The industry practice and RunRev policy of three-part changes (bug/minor/major) and associated pricing policies (none/small/large) is well established and of minor interest unless someone has a unique and commercially viable proposal which they should then put straight to Kevin Miller anyway. If a major upgrade emerges then new bug-fix work will cease on all previous versions, although you can continue to use the prior version at its last fix level as you please. What else do you reasonably expect from a software vendor?
Again, disclaimer: I support RunRev and applaud their work, and it's still my favorite tool. Ahem.
With that said, halting all bug fixes as soon as you release a "point" release does happen, but it's not THE industry practice. I'm aghast at the idea that the 2.1 branch is already done.
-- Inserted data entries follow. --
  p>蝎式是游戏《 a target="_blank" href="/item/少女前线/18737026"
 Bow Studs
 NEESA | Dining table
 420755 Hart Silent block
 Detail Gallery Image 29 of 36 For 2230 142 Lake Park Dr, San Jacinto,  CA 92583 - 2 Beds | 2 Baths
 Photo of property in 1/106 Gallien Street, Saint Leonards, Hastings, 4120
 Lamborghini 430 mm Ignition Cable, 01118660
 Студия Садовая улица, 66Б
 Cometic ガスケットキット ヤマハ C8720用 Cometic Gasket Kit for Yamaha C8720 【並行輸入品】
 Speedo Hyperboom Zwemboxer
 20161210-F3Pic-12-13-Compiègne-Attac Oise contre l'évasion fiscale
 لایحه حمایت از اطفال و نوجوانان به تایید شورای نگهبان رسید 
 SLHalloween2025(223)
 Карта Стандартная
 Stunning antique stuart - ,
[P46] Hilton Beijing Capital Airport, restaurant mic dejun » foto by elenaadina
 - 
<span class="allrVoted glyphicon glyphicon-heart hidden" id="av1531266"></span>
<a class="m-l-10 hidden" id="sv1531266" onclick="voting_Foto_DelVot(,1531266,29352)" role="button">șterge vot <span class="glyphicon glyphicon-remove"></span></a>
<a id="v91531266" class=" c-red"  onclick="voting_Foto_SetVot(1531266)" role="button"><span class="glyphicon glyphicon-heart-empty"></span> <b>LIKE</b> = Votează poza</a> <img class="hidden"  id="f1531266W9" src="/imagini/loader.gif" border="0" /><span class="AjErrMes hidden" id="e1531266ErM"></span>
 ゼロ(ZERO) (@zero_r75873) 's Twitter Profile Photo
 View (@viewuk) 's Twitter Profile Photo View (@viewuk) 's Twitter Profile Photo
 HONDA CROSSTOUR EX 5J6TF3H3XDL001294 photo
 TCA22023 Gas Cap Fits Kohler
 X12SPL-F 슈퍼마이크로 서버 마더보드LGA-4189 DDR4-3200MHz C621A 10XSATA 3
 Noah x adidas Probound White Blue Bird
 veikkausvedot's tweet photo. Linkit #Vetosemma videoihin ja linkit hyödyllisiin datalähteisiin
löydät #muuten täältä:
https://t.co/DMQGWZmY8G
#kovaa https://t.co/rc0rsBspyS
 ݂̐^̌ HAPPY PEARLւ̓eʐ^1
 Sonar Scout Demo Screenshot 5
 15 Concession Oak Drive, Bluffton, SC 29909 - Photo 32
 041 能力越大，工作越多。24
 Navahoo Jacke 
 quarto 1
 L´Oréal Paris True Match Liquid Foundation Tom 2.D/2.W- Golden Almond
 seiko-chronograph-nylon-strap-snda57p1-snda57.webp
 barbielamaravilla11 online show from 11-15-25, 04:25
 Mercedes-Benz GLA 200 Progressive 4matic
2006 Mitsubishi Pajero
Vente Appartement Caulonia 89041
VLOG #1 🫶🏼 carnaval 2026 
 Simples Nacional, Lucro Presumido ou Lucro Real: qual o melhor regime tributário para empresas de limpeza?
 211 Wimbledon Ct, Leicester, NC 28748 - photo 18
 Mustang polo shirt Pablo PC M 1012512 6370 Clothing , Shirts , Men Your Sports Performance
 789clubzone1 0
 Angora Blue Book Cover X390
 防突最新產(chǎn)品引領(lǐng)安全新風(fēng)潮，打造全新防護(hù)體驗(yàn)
In fact, it's not the approach of MY software company, and we are smaller than RunRev. After a major release, we branch the code (this is one of THE major features of revision control systems) and continue to release bug fixes to the previous release. Any other practice could and probably would put us out of business.
There's a lot of gray area here, I admit. I don't think RunRev is guilty of any more than making some of us a little nervous thus far. But the following things are plainly false:
* That RunRev isn't working hard on bugs, and aiming to please * That RunRev just follows good industry practice and is a model of it
Pick your point in between, but I say let's look at 2.2 and see what we find!!